:: Task statement ::
Write the listing out again exactly as it stands, with no images.

:: Raw data ::
+++

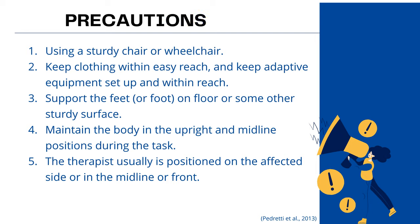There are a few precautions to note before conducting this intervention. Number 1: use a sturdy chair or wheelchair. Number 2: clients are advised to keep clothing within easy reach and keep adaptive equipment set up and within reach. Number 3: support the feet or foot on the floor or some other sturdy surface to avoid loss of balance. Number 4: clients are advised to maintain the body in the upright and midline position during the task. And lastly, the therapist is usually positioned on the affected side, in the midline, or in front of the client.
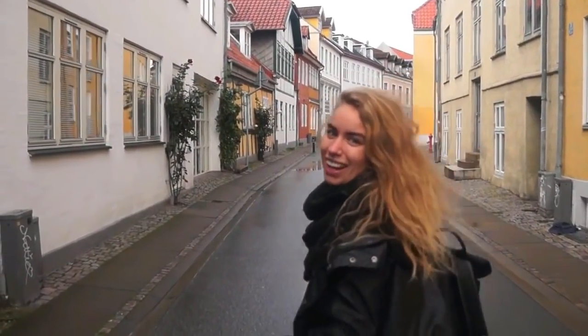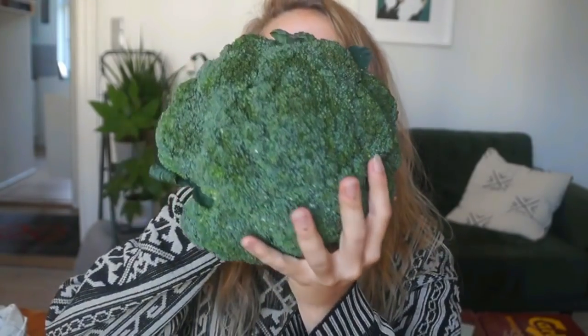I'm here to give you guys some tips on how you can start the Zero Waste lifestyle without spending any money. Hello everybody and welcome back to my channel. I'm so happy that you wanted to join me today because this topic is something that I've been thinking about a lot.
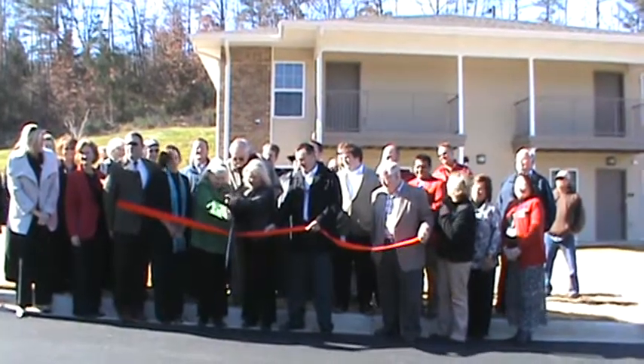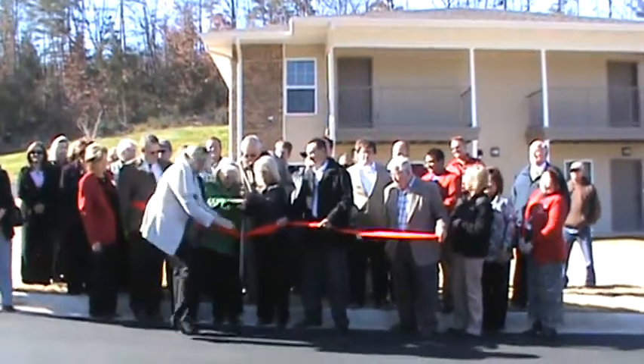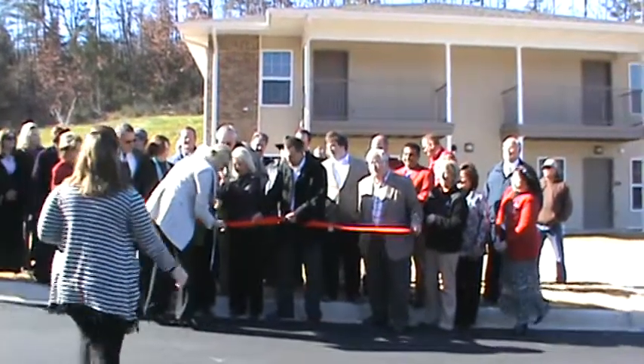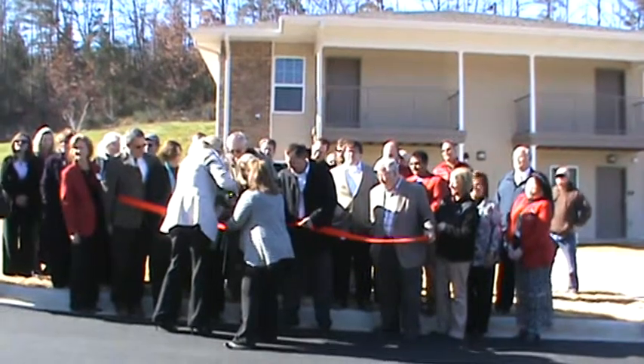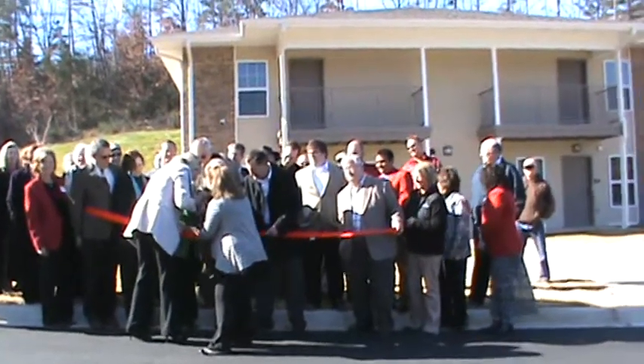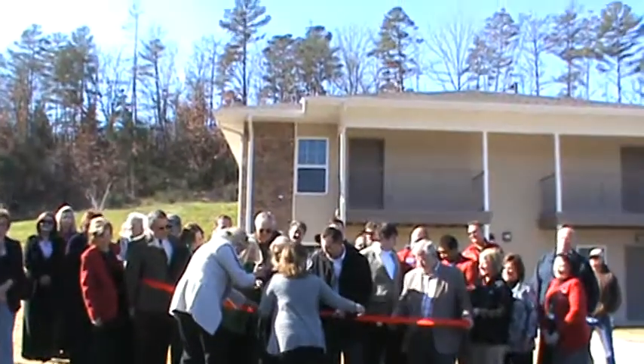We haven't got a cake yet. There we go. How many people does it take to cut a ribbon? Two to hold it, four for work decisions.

+++

:: Written answer ::
There are a few precautions to note before conducting this intervention. Number 1: use a sturdy chair or wheelchair. Number 2: clients are advised to keep clothing within easy reach and keep adaptive equipment set up and within reach. Number 3: support the feet or foot on the floor or some other sturdy surface to avoid loss of balance. Number 4: clients are advised to maintain the body in the upright and midline position during the task. And lastly, the therapist is usually positioned on the affected side, in the midline, or in front of the client.
I'm here to give you guys some tips on how you can start the Zero Waste lifestyle without spending any money. Hello everybody and welcome back to my channel. I'm so happy that you wanted to join me today because this topic is something that I've been thinking about a lot.
We haven't got a cake yet. There we go. How many people does it take to cut a ribbon? Two to hold it, four for work decisions.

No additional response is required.